▸ **Brief**: The full listing, word for word and free of images, is the expected result.

▸ **Data listing**:
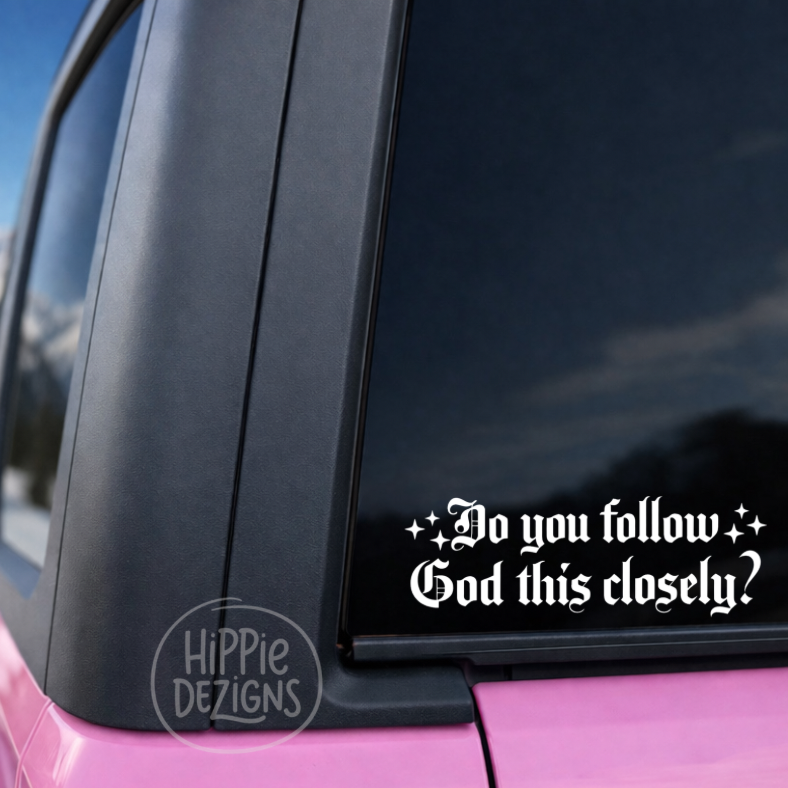 Do You Follow God This Closely?” Christian Car Decal | Faith Vinyl Sticker | Religious Window Decal | Multiple Sizes & Colors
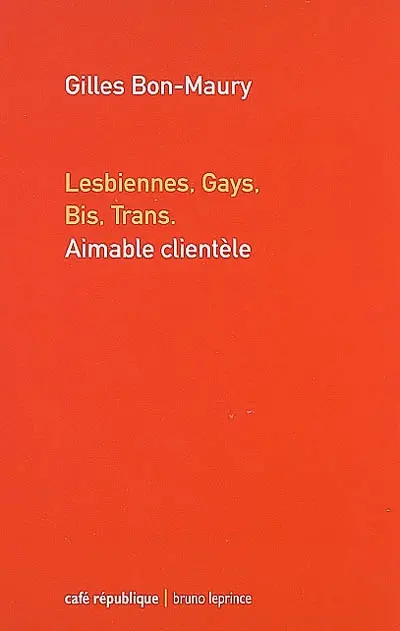 Lesbiennes, gays, bis, trans : aimable clientèle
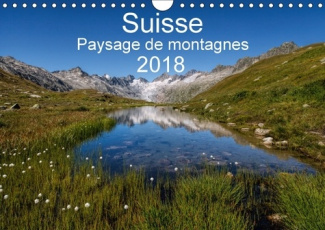 SUISSE PAYSAGE DE MONTAGNES 2018 CALENDRIER MURAL 2018 DIN A - UN VOYAGE A TRAVERS TOUTES LES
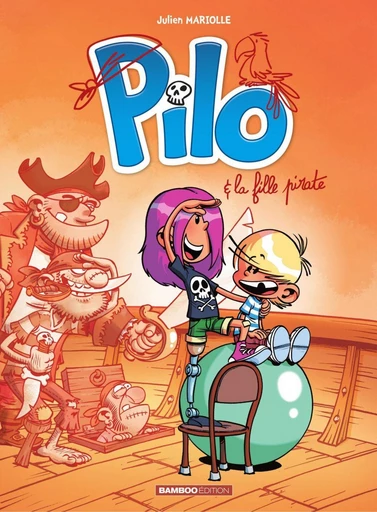 Pilo - Tome 4 - Julien Mariolle - Bamboo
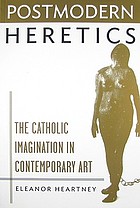 Postmodern heretics : the Catholic imagination in contemporary art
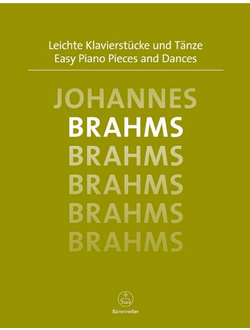 Brahms. Leichte Klavierst?cke und T?nze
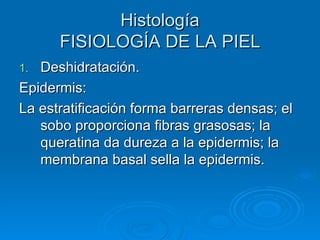 Histología FISIOLOGÍA DE LA PIEL ,[object Object],[object Object],[object Object]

▸ **Output for this exercise**:
 Do You Follow God This Closely?” Christian Car Decal | Faith Vinyl Sticker | Religious Window Decal | Multiple Sizes & Colors
 Lesbiennes, gays, bis, trans : aimable clientèle
 SUISSE PAYSAGE DE MONTAGNES 2018 CALENDRIER MURAL 2018 DIN A - UN VOYAGE A TRAVERS TOUTES LES
 Pilo - Tome 4 - Julien Mariolle - Bamboo
 Postmodern heretics : the Catholic imagination in contemporary art
 Brahms. Leichte Klavierst?cke und T?nze
 Histología FISIOLOGÍA DE LA PIEL ,[object Object],[object Object],[object Object]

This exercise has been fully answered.